Does Congress Even Want Power Anymore?
Since returning to the White House a year ago, President Trump has stretched taut the boundaries of executive power in ways both petty and consequential. Tacking his name onto the Kennedy Center in Washington, D.C., is only one of many small actions that he has taken to assert his authority, even though only Congress can legally change the name of the center. But Trump has also bypassed the body in so many other, far more significant ways: unilaterally imposing tariffs, seizing the president of Venezuela, and removing various independent officials from their congressionally approved posts.
These actions have largely gone unchallenged—and at times are even encouraged—by the Republican majority in Congress. That’s partly due to the GOP’s mostly lockstep fealty to Trump. But this is also hardly the first time a president in the modern era has pushed to expand his power, in the process straining constitutional limits and flouting the role of Congress. Indeed, Trump himself did so during his first term, joining his fellow twenty-first-century presidents in straining the bounds of executive action. But he has become bolder in his second term, going much further than his predecessors with his unprecedented and aggressive assertion of executive power. And Congress is allowing it.
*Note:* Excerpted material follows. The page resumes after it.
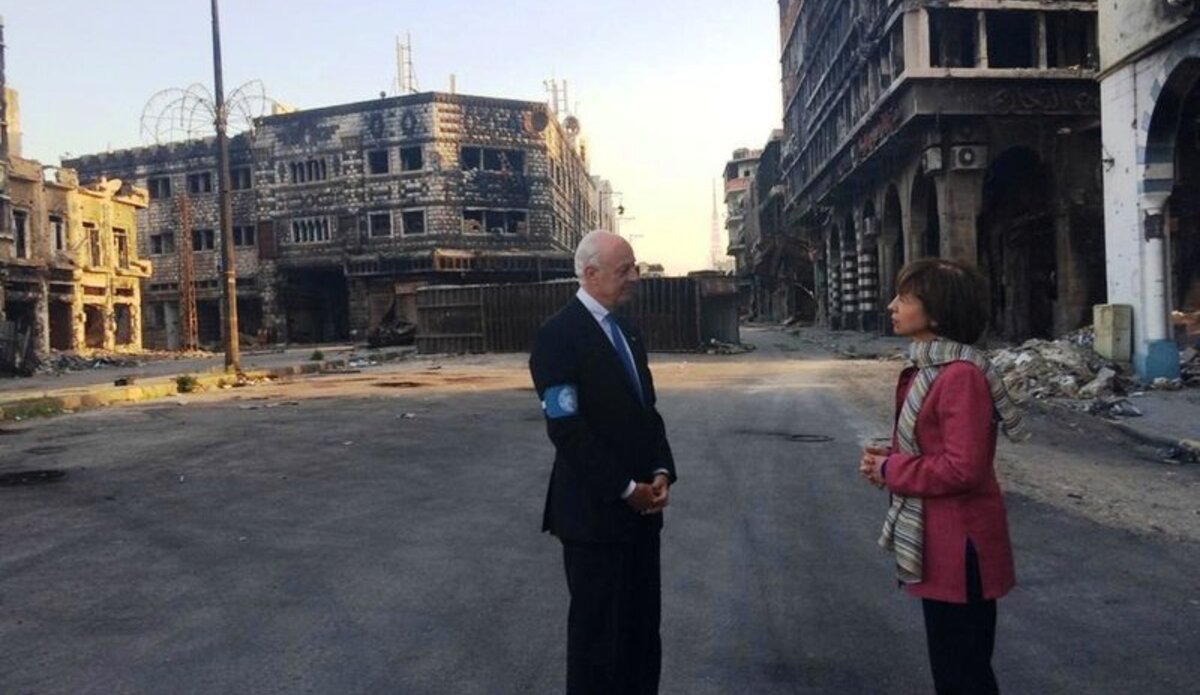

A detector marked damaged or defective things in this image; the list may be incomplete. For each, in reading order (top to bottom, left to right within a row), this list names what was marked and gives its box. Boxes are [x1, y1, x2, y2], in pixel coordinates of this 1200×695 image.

The relative impotence of the 119th Congress could be seen as the continuation of a decades-long trend, one defined by the strengthening of the modern presidency and heightened partisanship. These dynamics have enabled a weak legislature—one that may struggle to re assert its constitutional mandate as a coequal branch of the government. Generally, when Congress cedes ground to the executive branch, it rarely gains it back.
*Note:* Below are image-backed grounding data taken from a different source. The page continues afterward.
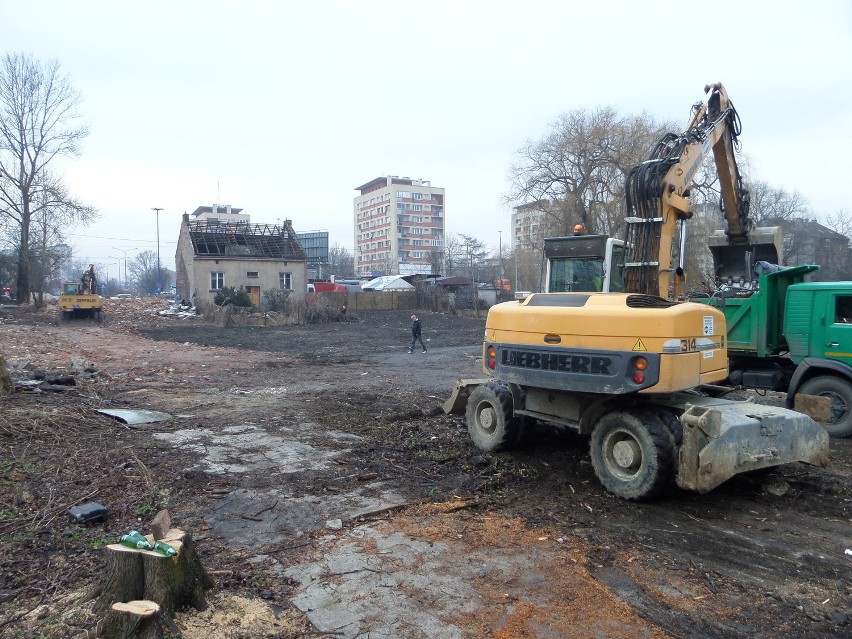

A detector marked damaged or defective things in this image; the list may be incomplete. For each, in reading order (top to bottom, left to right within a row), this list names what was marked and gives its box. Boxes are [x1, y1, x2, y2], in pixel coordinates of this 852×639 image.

damaged roof [186, 220, 306, 260]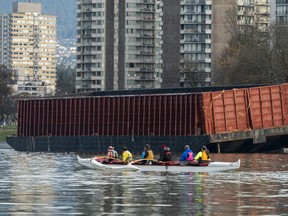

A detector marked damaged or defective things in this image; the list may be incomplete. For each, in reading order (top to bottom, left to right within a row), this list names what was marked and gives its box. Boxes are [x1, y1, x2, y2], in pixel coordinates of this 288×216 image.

rusty barge [6, 83, 288, 154]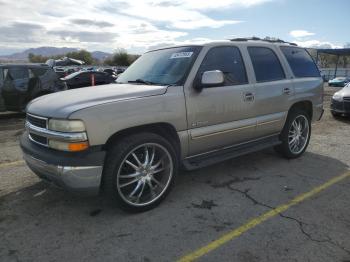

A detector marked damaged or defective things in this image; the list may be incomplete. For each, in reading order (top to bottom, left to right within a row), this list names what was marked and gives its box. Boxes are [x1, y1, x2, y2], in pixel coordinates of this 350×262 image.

wrecked vehicle [0, 65, 67, 112]
cracked asphalt [0, 86, 350, 262]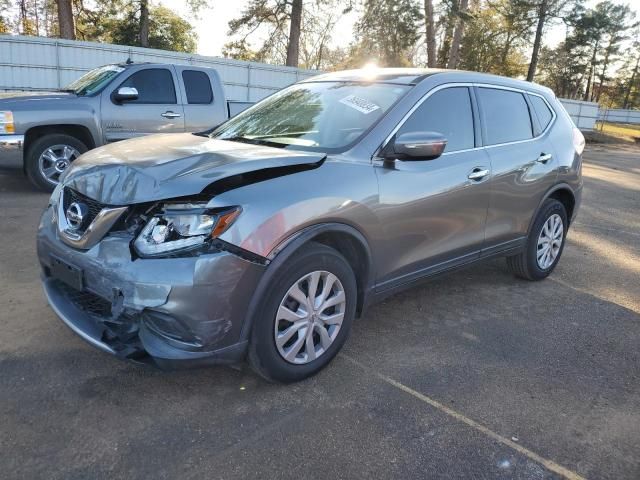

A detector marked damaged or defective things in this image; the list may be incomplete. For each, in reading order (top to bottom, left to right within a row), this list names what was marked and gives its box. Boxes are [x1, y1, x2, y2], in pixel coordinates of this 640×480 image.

crumpled front bumper [36, 205, 266, 368]
broken headlight [134, 202, 241, 256]
damaged nissan rogue [37, 68, 584, 382]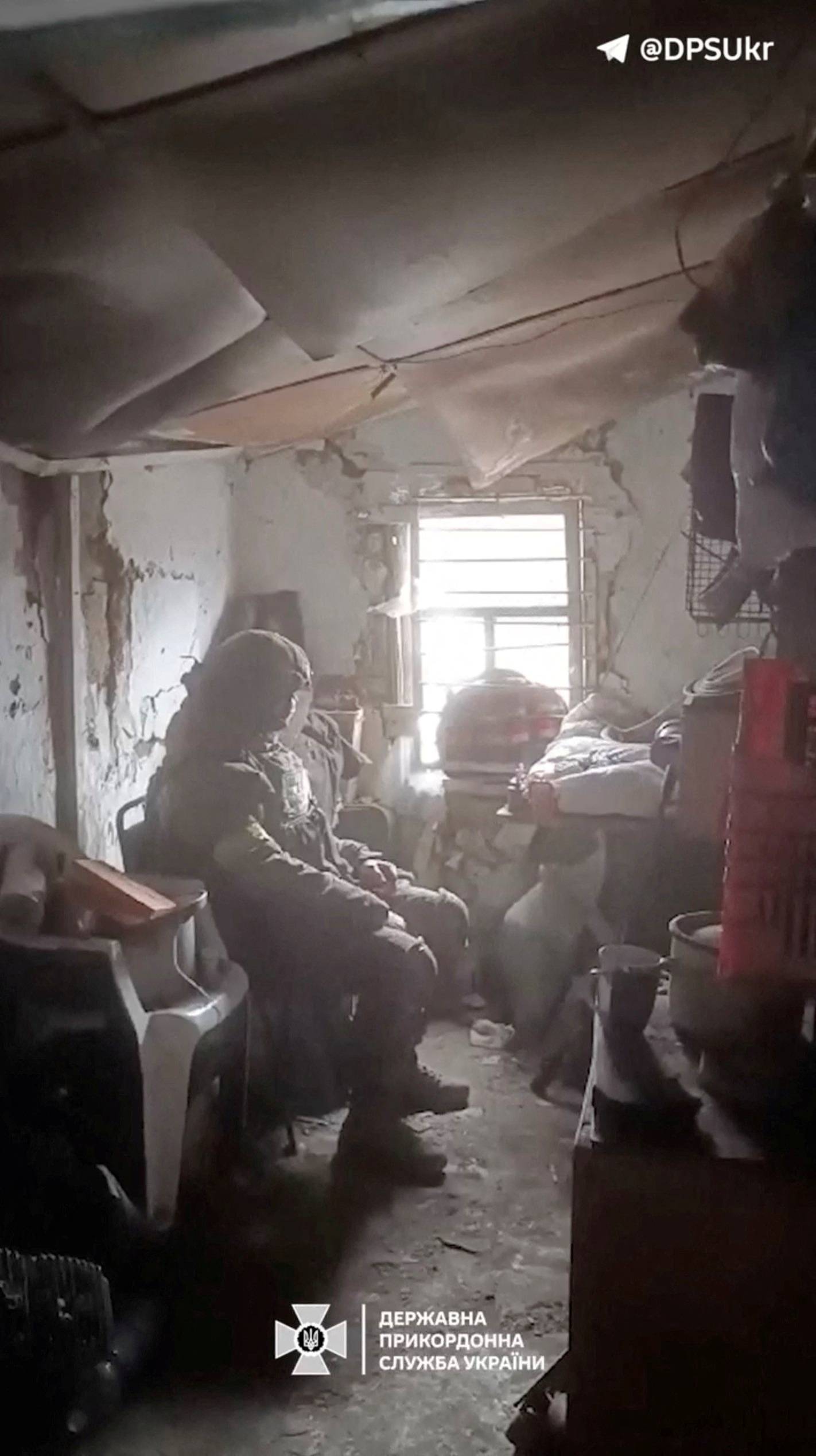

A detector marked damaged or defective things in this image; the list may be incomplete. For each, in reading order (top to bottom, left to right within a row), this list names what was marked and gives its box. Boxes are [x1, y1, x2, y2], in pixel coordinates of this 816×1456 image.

damaged ceiling [5, 0, 814, 489]
cracked plaster wall [0, 471, 55, 827]
cracked plaster wall [77, 460, 232, 856]
cracked plaster wall [234, 390, 762, 719]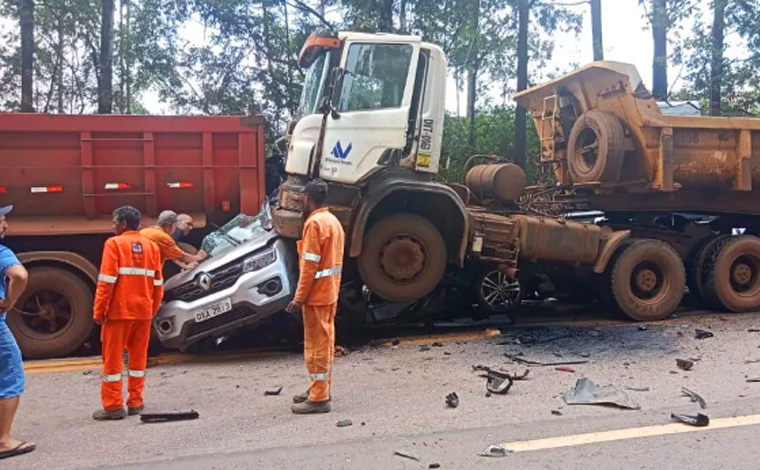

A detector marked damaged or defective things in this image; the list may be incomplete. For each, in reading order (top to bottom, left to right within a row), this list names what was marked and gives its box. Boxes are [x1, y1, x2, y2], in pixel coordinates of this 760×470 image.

broken vehicle part [508, 352, 592, 368]
broken vehicle part [564, 376, 640, 410]
broken vehicle part [684, 388, 708, 410]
“It’s not just a weak Congress. We’ve had lots of weak Congresses,” said Joanne Freeman, a history professor at Yale University. “It’s a stagnant Congress. It’s a Congress that has willingly given up its power to an executive that wants to get as much power as it could get.”
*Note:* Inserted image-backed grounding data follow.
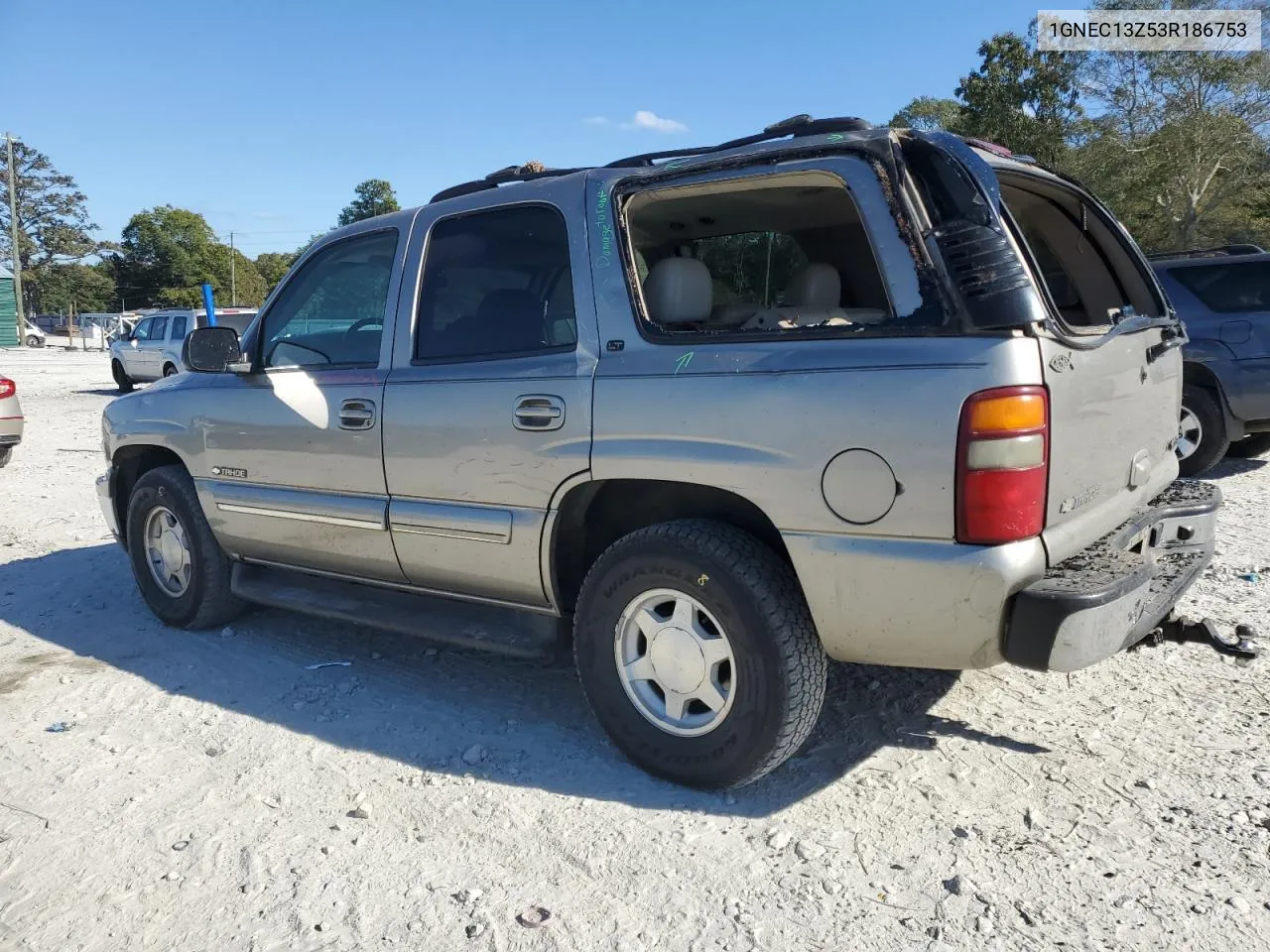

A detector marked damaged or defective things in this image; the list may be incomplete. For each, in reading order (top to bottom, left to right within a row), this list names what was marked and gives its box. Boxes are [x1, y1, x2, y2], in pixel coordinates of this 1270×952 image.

damaged chevrolet tahoe [96, 115, 1238, 789]
damaged rear bumper [1000, 480, 1222, 674]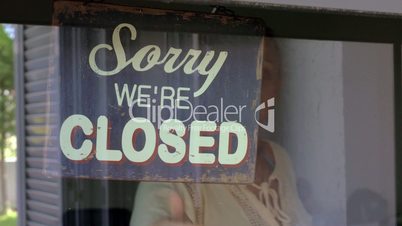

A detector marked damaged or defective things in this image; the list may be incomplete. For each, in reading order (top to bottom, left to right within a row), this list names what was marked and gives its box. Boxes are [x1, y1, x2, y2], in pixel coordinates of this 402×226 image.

rusty metal sign [53, 0, 266, 183]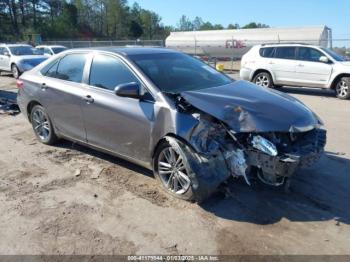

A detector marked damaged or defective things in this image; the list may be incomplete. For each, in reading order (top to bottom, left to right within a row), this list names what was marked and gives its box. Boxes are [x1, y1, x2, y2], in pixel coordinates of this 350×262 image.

damaged gray sedan [17, 47, 326, 201]
broken headlight [250, 135, 278, 156]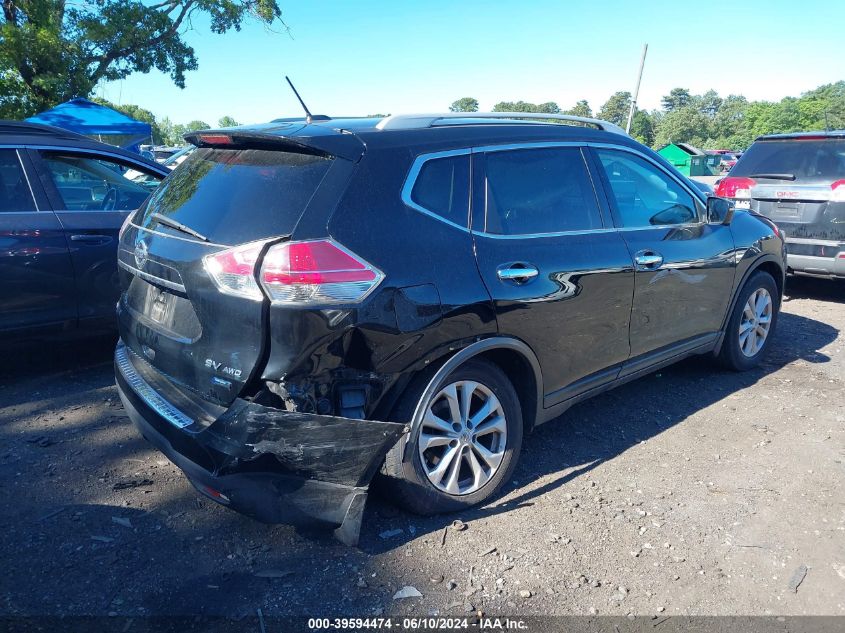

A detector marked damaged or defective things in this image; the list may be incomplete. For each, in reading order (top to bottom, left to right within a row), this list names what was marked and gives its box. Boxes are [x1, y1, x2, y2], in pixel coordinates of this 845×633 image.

damaged rear bumper [114, 340, 406, 544]
broken bumper piece [115, 344, 406, 544]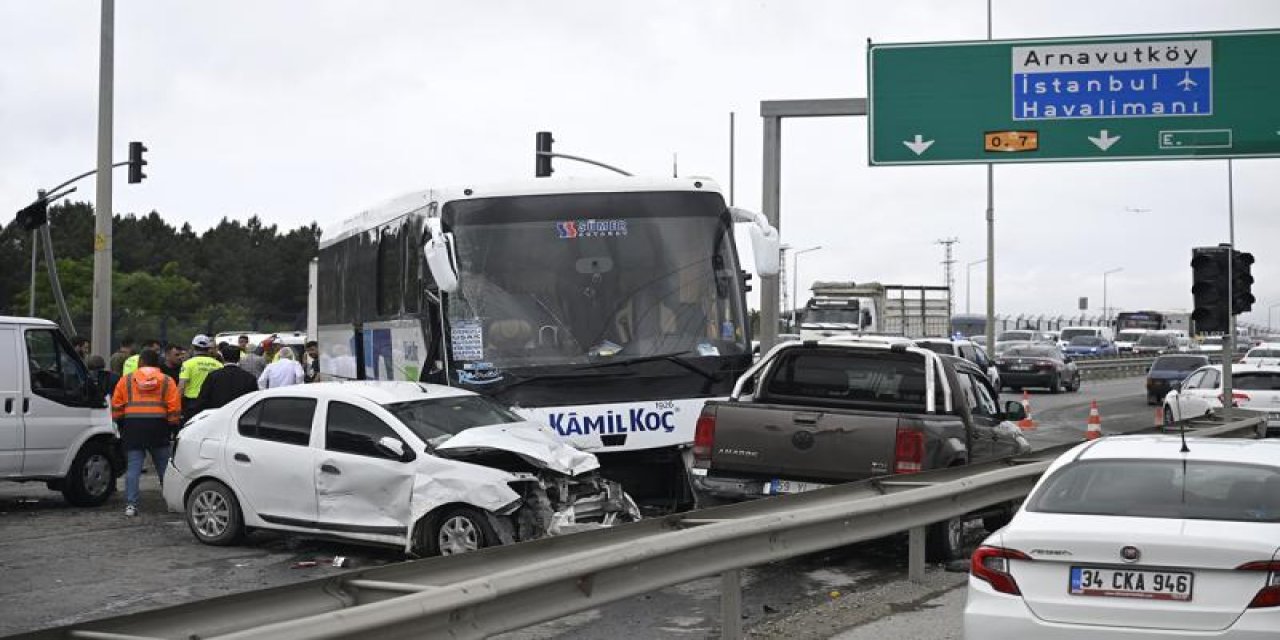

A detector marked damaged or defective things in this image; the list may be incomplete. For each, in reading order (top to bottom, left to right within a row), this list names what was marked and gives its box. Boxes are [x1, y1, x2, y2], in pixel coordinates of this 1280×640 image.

Political polarization since the 1990s has made it increasingly difficult for Congress to govern. When one party controls both the White House and Congress, lawmakers are less inclined to push back against any seizure of power by the president. In the past decade in particular, Congress has been characterized by exceedingly narrow majorities, making it difficult for the party in power to pass major legislation without employing arcane procedural maneuvers. The more lawmakers accept a president’s seizure of power for actions that merit their approval, the harder it will be to challenge him when he does something they don’t like.